Minicamps? OTAs? This isn't real football, people. Steelers coach Mike Tomlin understands the true essence of the dog days of the NFL offseason, where headlines are made every time a player doesn't show up to practice. "It's different than playing the game of football," he said. "Don't read too deeply into evaluating this time of year. It's about teaching. This is football in shorts, and I keep that in mind as I look at what goes on out there. People that may do great things out there may disappear in pads. Guys who struggle out there in shorts may be great players in pads. I always keep that thought in mind. I reserve judgment until we go to training camp and put pads on."
Tomlin is Bill Walsh-like in his thought process. Walsh, who firmly believed we should teach the players the system, then develop the skills within the system, used the offseason for teaching his course of football.
By the way, I saw where Buffalo and Denver cancelled parts of their mandatory camps. So why do we make such a big deal when players miss an OTA?

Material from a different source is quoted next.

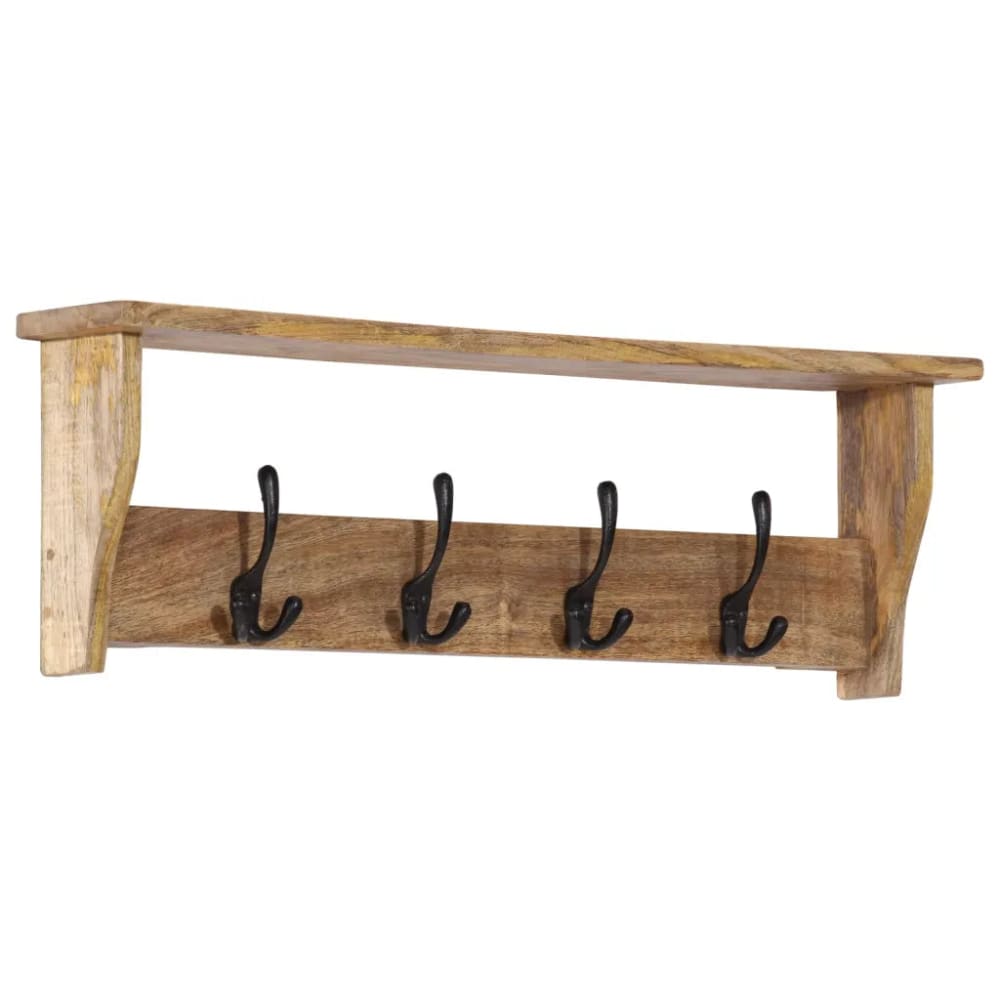 Porte-manteau mural pratique avec bois marron 85 x 26 x 12 cm Porte-manteau mural pratique avec bois marron 85 x 26 x 12 cm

• If I was starting an expansion team or if I was an owner possibly looking for a new coach, my first choice would be Josh McDaniels, the offensive coordinator of the Patriots. This season, watch the dynamics during the games on the sideline between McDaniels and New England head coach Bill Belichick. You can tell Belichick has the utmost confidence and respect in McDaniels. And that confidence and respect is not easily attained from Belichick.
• If I needed a running back, I would call the Giants and inquire about the availability of Derrick Ward. Ward's contract expires after the season and he becomes an unrestricted free agent. In 2007 he was second on the Giants with 602 rushing yards before a fractured fibula sent him to injured reserve. Ward has been tremendously productive in all phases -- returning kicks, catching the ball and displaying excellent run skills. He has been a little injury prone in his career, but he would help any team looking for a bona fide No. 1 back.
What is going on in Tampa Bay? Is anyone happy? Witness these three quotes from three Buccaneers quarterbacks and tell me this won't be the best training camp soap opera next month.
• "I do believe that he thought I might be faking it. I mean, he asked me, 'Is it in your head?' For him to say that, that's just not right. There are just a lot of things that I can never forgive him for."--Chris Simms on Jon Gruden questioning his injuries
• "Chris did what he felt he had to do. I think he had to do it. ... I think Jon's a great coach, I think he is. But this is a tough business. I've been on the other side. I understand exactly where Chris is coming from. Chris is going to be a heck of a player once he gets his opportunity. I love Chris like a brother. It's just a shame what he's gone through with the injury. He'll come back. He'll bounce back. He deserves the opportunity."--Brian Griese on Simms and Gruden
• "There might be a time when I might have to stand up. I hate to do that to jeopardize my teammates because they're out here and I don't want to let them down in any sort of way. But I think at some point, you just want to see the respect from up top given."--Jeff Garcia on his contract demands
I am very proud to be the son of a barber, and even prouder that my 82-year-old father still cuts hair every day. Happy Fathers Day.